Task goal
Print exactly what the entries say, line by line, from the first line down to the one with "Genjot Pemanfaatan Solusi", inclusive.

Data extracted from a collection
◇ ◇ ◇ ◇ ◇ ◇ ◇
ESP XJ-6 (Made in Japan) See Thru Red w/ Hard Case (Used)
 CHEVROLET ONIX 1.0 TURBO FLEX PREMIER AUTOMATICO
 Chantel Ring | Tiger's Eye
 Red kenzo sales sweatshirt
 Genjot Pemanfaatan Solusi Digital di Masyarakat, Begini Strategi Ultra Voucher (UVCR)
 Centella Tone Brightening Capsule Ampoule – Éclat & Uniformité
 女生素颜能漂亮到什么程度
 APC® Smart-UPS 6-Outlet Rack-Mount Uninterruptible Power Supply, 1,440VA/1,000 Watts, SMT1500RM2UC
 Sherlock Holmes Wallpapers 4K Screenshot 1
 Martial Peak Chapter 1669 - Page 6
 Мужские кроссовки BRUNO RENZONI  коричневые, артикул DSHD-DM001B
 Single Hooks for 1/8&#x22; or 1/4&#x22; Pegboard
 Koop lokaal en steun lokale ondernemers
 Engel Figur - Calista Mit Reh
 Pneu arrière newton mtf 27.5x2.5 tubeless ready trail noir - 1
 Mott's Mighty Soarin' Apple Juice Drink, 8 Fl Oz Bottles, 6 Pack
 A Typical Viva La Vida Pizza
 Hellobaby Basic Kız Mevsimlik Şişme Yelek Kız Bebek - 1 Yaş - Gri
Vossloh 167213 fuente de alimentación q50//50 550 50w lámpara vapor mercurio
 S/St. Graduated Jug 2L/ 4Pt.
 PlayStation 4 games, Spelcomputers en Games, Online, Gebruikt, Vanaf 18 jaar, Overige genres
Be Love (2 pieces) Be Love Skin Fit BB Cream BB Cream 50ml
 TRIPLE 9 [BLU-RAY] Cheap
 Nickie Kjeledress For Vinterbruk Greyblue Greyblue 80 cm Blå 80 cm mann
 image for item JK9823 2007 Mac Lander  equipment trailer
◇ ◇ ◇ ◇ ◇ ◇ ◇
Task result
ESP XJ-6 (Made in Japan) See Thru Red w/ Hard Case (Used)
 CHEVROLET ONIX 1.0 TURBO FLEX PREMIER AUTOMATICO
 Chantel Ring | Tiger's Eye
 Red kenzo sales sweatshirt
 Genjot Pemanfaatan Solusi Digital di Masyarakat, Begini Strategi Ultra Voucher (UVCR)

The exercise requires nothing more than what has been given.